Segment Start: Input data
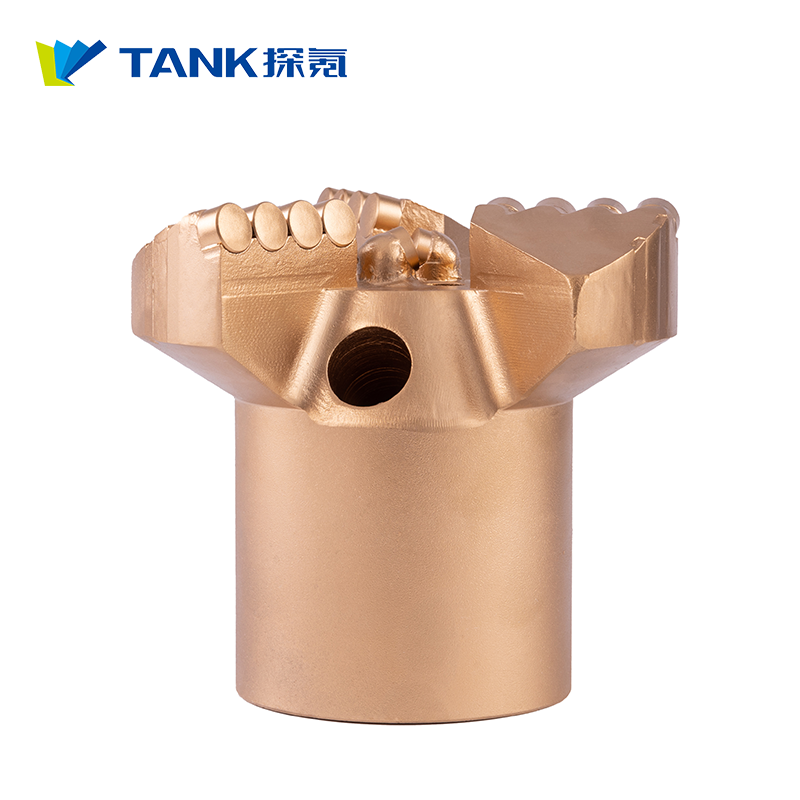 PDC Concave bits for engineering geological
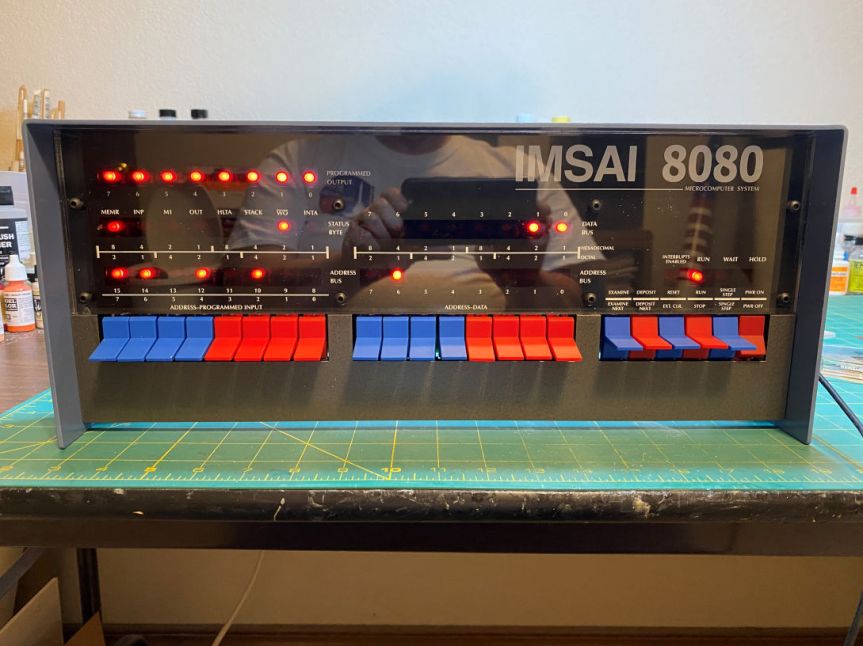 A Program for the IMSAI 8080&nbsp;Clone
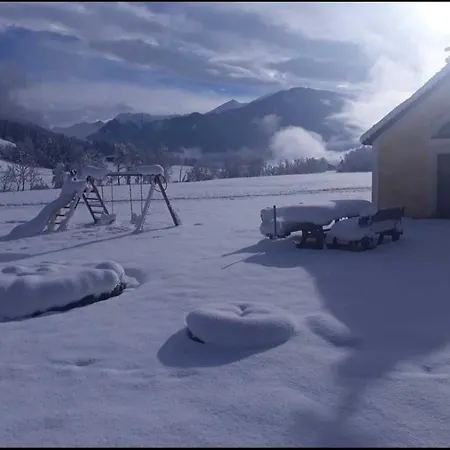 Untersinnerhof Gsies ファームステイ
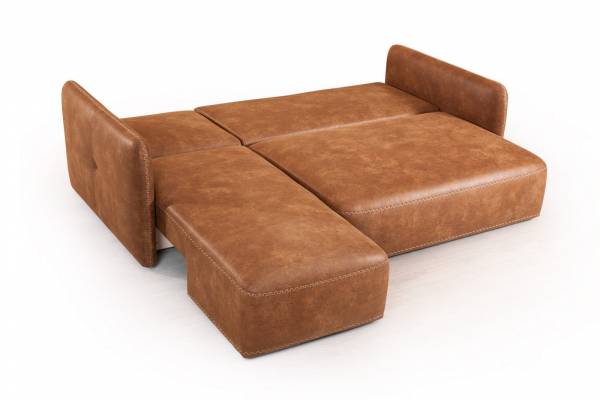 Shanghai (Декор Compact) диван-кровать с шезлонгом, механизм "Еврокнижка"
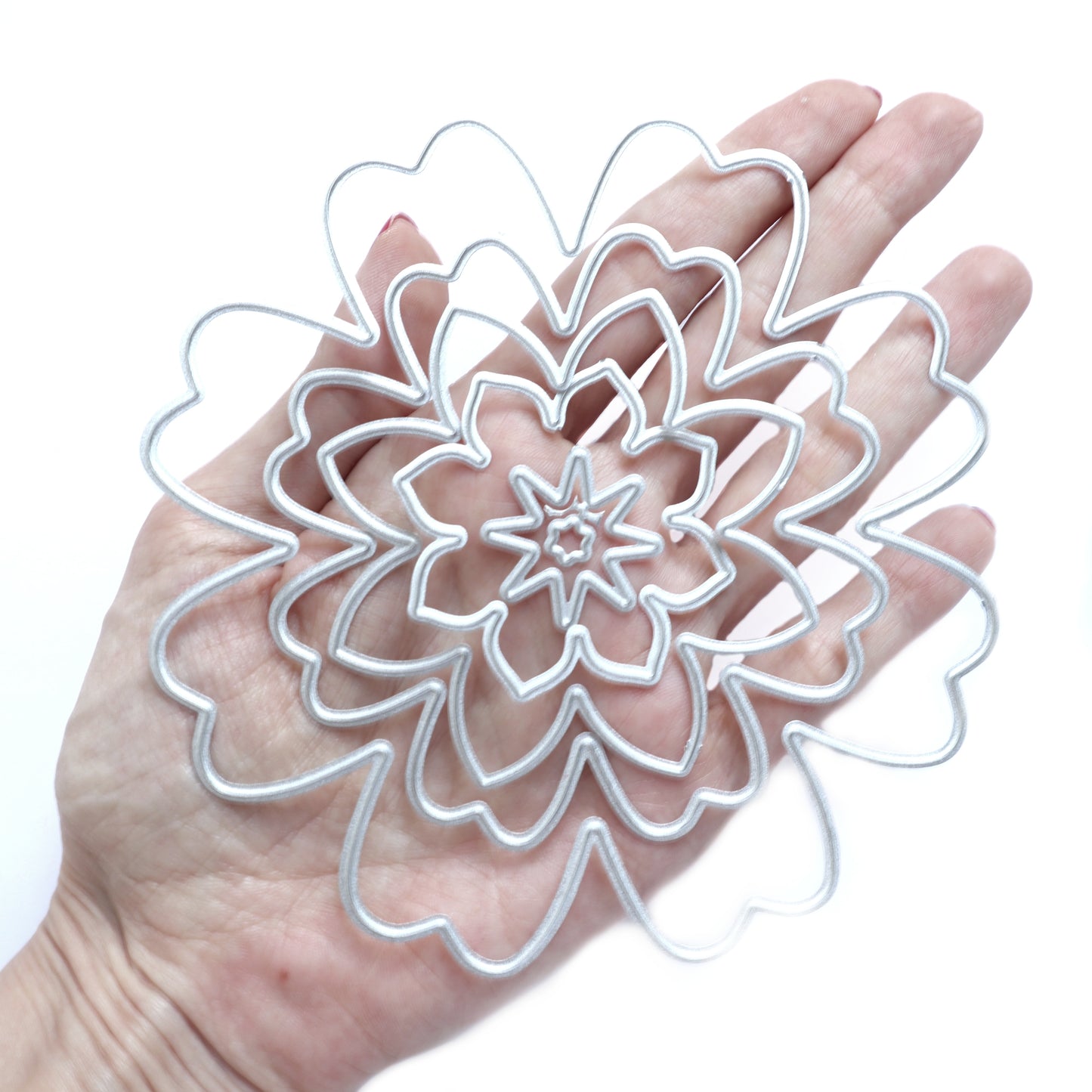 FLOWER SUCCULENT CUTTING DIES - Luxy Kraft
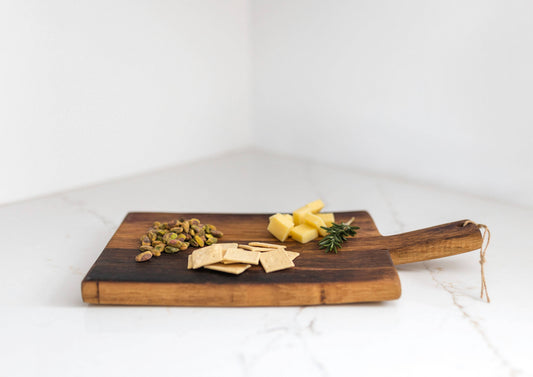 Wine Stave Charcuterie Board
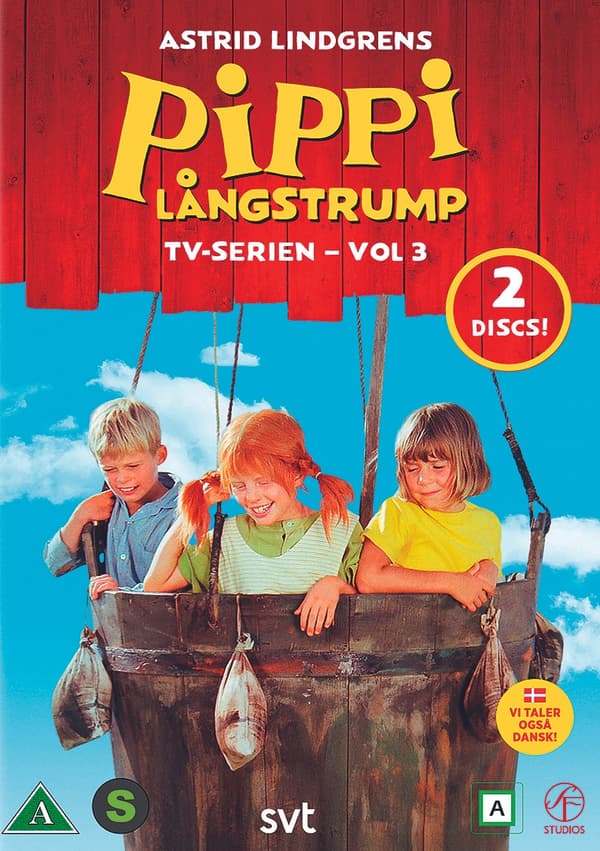Pippi Langstrømpe TV-serie Box 3 (2-Disc)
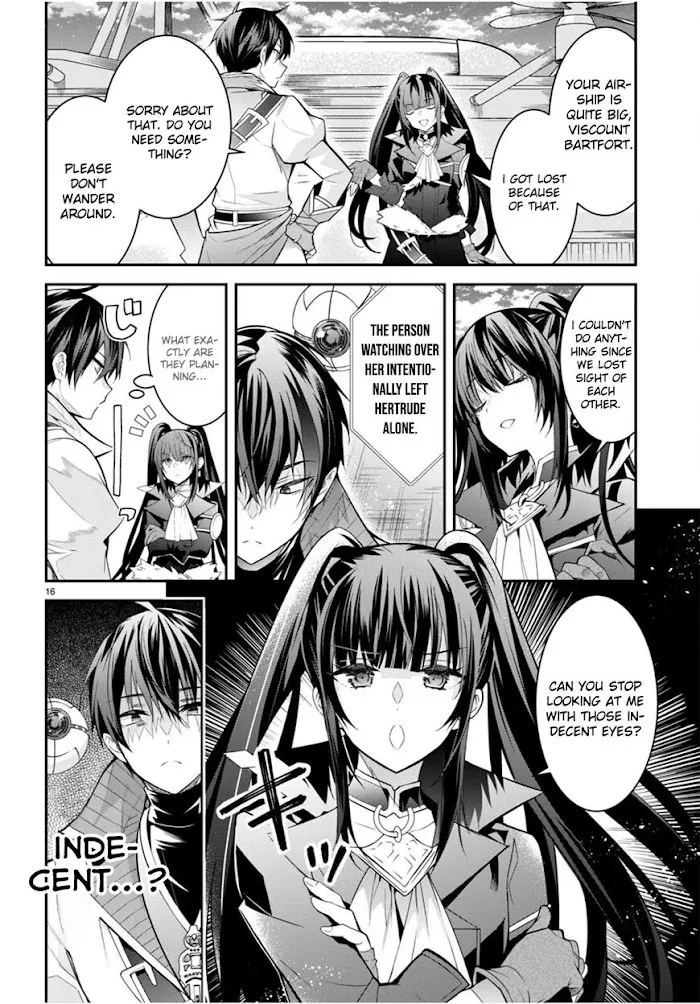 The World Of Otome Games Is Tough For Mobs - Chapter 40 Page 16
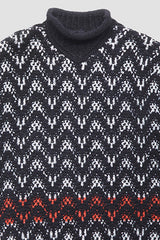 Cream Multi Chevron Jacquard Pullover | 3.1 Phillip Lim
Segment End: Input data
| Task brief |
Set the pictures aside and restate word for word only the lines from the line containing "Wine Stave Charcuterie Board" through the end of the entries above, both included.

| Output for this exercise |
 Wine Stave Charcuterie Board
Pippi Langstrømpe TV-serie Box 3 (2-Disc)
 The World Of Otome Games Is Tough For Mobs - Chapter 40 Page 16
 Cream Multi Chevron Jacquard Pullover | 3.1 Phillip Lim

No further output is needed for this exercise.